A PMA can autonomously identify these movements and strategically reach out to faders/at risks before they become inactives, or implement a call to action for inactives to return.

The notion that we are driving towards here is that you can put stop gaps in place that help identify the early warning signs associated with churn – and take corrective action.

This is a remarkably beneficial byproduct of loading your data into this platform that closely monitors the buyer lifecycle.

Conclusion

This third section helps you understand how to best utilize targeted, omnichannel analysis/communication to identify which customers are the most profitable – or who you should invest the bulk of your time/money/resources catering to.

Once again, not all customers are – and should be – treated equally.

Everyone is on a different customer journey and trajectory. Their customer personas, BLC stages, and respective financial values to your brand are all different.

If you are a smart marketer, you can gain valuable insights from the types of purchases that were made, the amount spent, when they occurred, and the marketing actions that were successful in driving sales. From there, leverage that information to lead each customer along a journey that reaches their maximum potential value.

This makes a PMA platform is particularly valuable because it allows you to keep track of tenure, LTV, and your customers’ potential market basket. In turn, you can customize messages over time to keep your valuable customers engaged (and spending) while monitoring that “evil” factor called churn that drains profitability.

Such an approach leads to the notion of true, automated 1:1 personalization.

By utilizing a capability known as dynamic variable content, a marketer may personalize each communication with well-proven, relevant product offerings. This practice offers the ability to autonomously communicate with all of your customers in a familiar, intimate, personalized way similar to that of a small neighborhood shop owner.

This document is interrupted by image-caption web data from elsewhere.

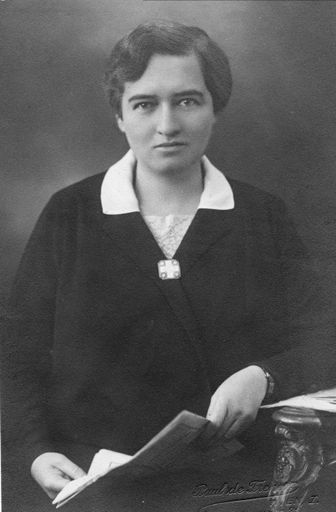 Hildegard Burjan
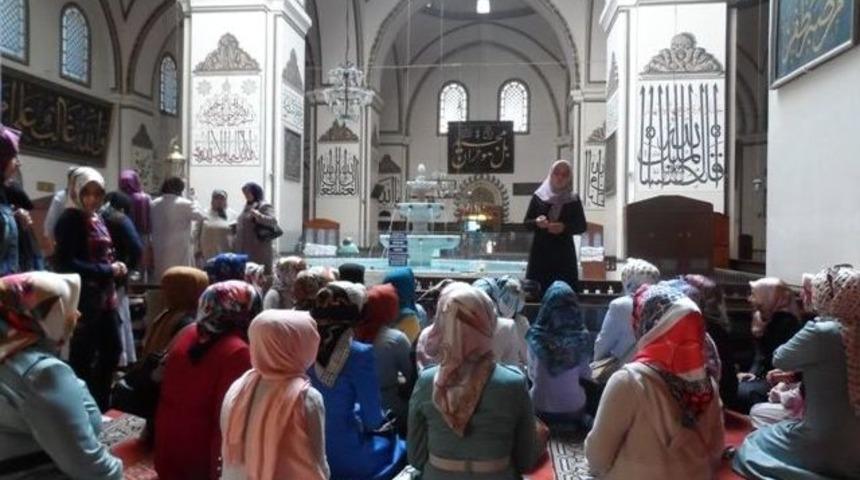 307 Gen&ccedil; İl İl Dolaştı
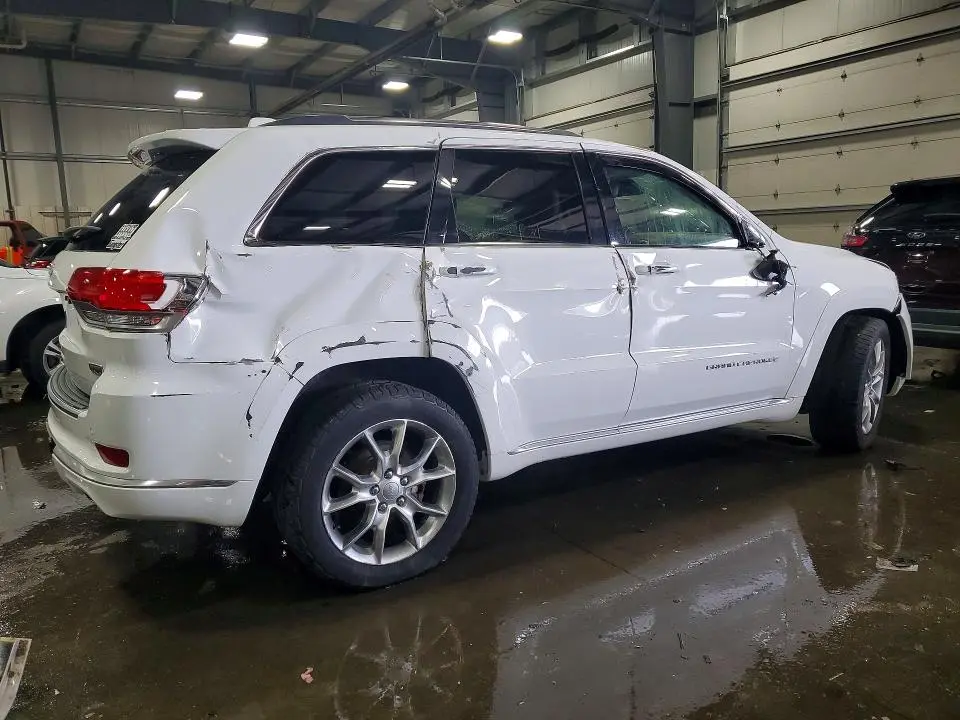 2016 JEEP GRAND CHER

This is truly the culmination of a longstanding marketing vision (stretching back multiple decades) that we are now finally reaching through this cutting-edge software platform.

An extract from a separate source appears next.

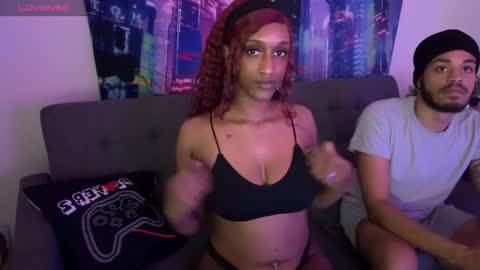 Black Bunny online show from November 23, 2025, 2:50 pm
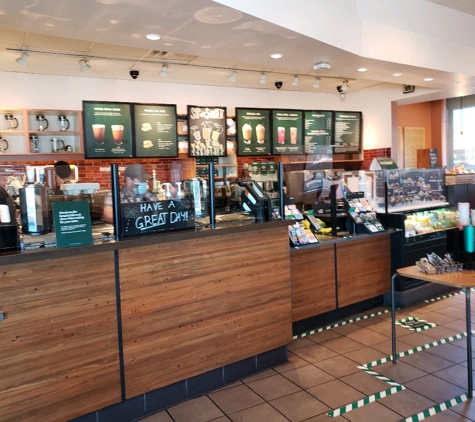 Starbucks Coffee - Anaheim, CA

Looking ahead to Step 4, entitled: Launch Customer Journey-based Email Campaigns, you will learn how to further apply all of these insights and strategies towards designing targeted, intelligent, successful email campaigns.

About the Author:

Gary Beck
Gary BeckChief Strategy Officer
Gary’s background includes over 30 years of analytics & database innovation for several leading Fortune 500 companies and Madison Avenue advertising agencies. Gary has been a frequent lecturer and author on the topics of database marketing and applied statistics. His articles have been published in DM News, Direct Marketing and the Journal of Direct Marketing. He recently was President of the Direct Marketing Idea Exchange and served on their Board. Gary received his M.S. in Industrial Administration from Carnegie Mellon University.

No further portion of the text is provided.